## Your assignment
Reproduction of part of the material below, pictures omitted: copy exactly, and only, the lines starting with the one with "gynable-patented-urolithin-a-supplement--4.jpg" and going on through the one with "سیب تاره شهرستان".

◇ ◇ ◇

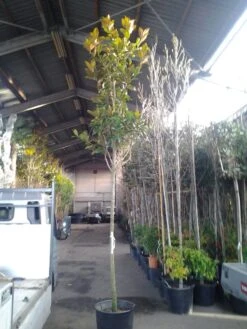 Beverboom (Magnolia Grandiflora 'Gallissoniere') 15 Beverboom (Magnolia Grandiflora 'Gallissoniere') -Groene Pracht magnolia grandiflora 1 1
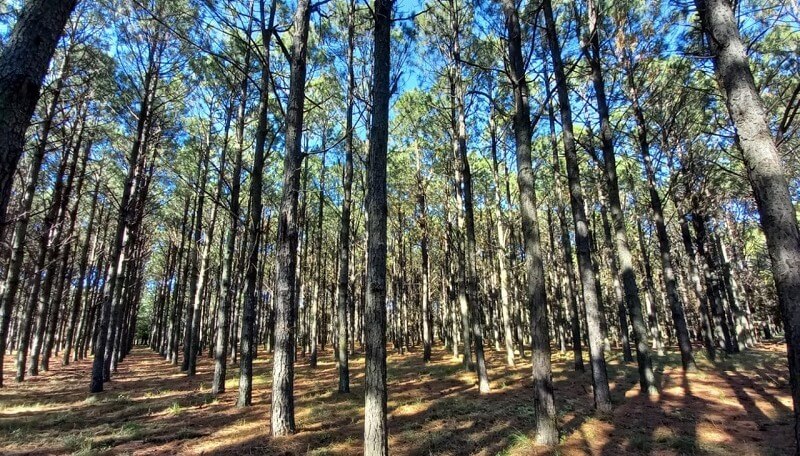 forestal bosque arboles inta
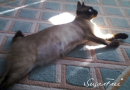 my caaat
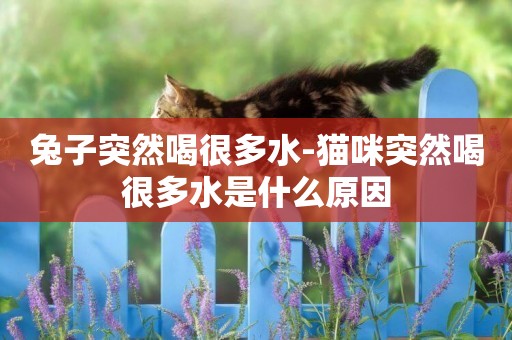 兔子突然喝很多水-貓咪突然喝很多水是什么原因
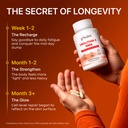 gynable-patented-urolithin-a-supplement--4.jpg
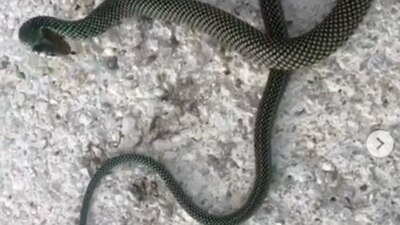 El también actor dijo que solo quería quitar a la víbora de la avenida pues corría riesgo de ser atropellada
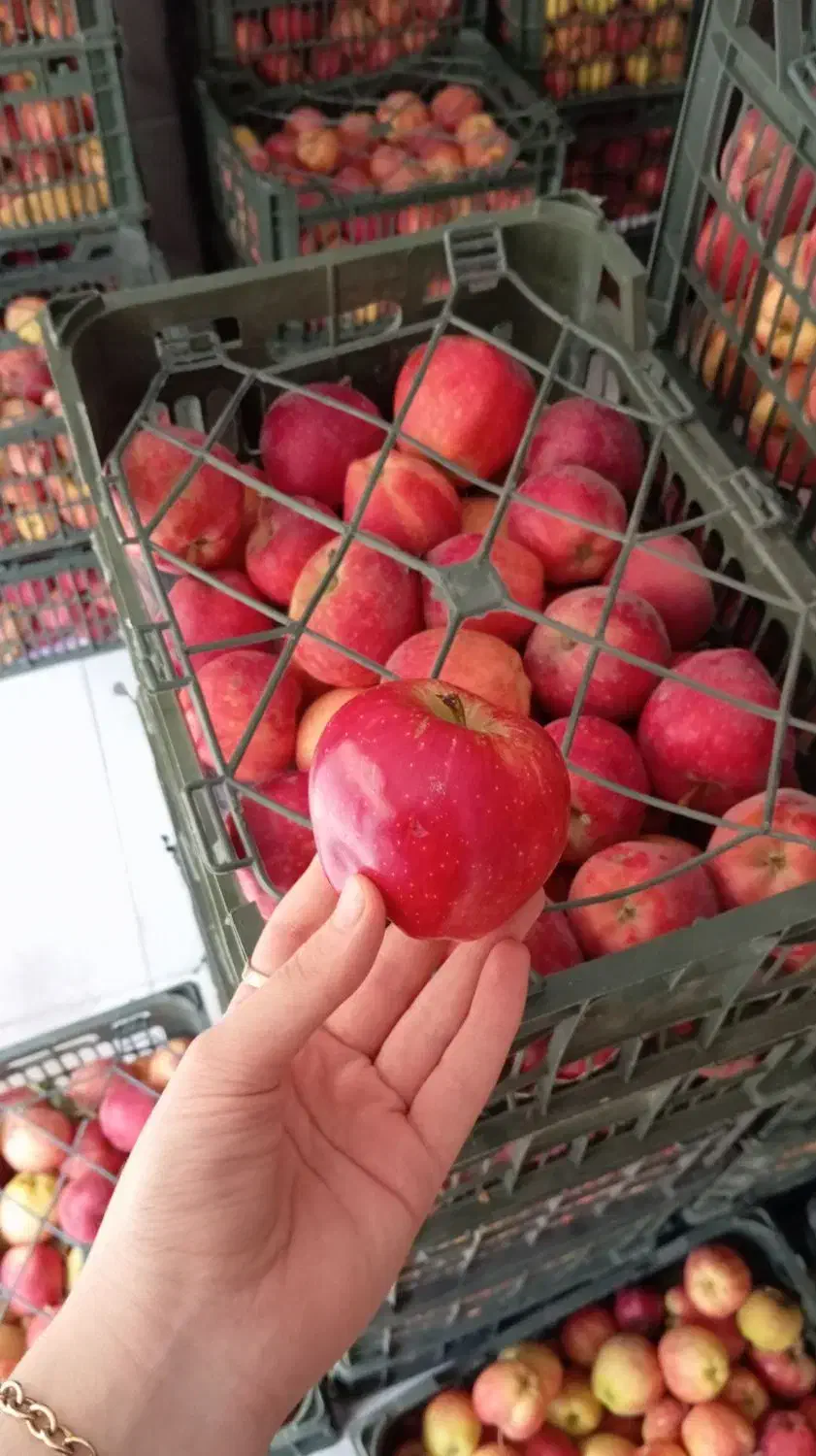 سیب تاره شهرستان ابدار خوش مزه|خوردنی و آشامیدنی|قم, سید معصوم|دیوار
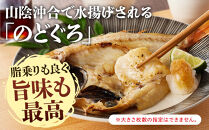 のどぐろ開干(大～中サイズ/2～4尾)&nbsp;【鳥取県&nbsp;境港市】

◇ ◇ ◇

## Result of the exercise
 gynable-patented-urolithin-a-supplement--4.jpg
 El también actor dijo que solo quería quitar a la víbora de la avenida pues corría riesgo de ser atropellada
 سیب تاره شهرستان ابدار خوش مزه|خوردنی و آشامیدنی|قم, سید معصوم|دیوار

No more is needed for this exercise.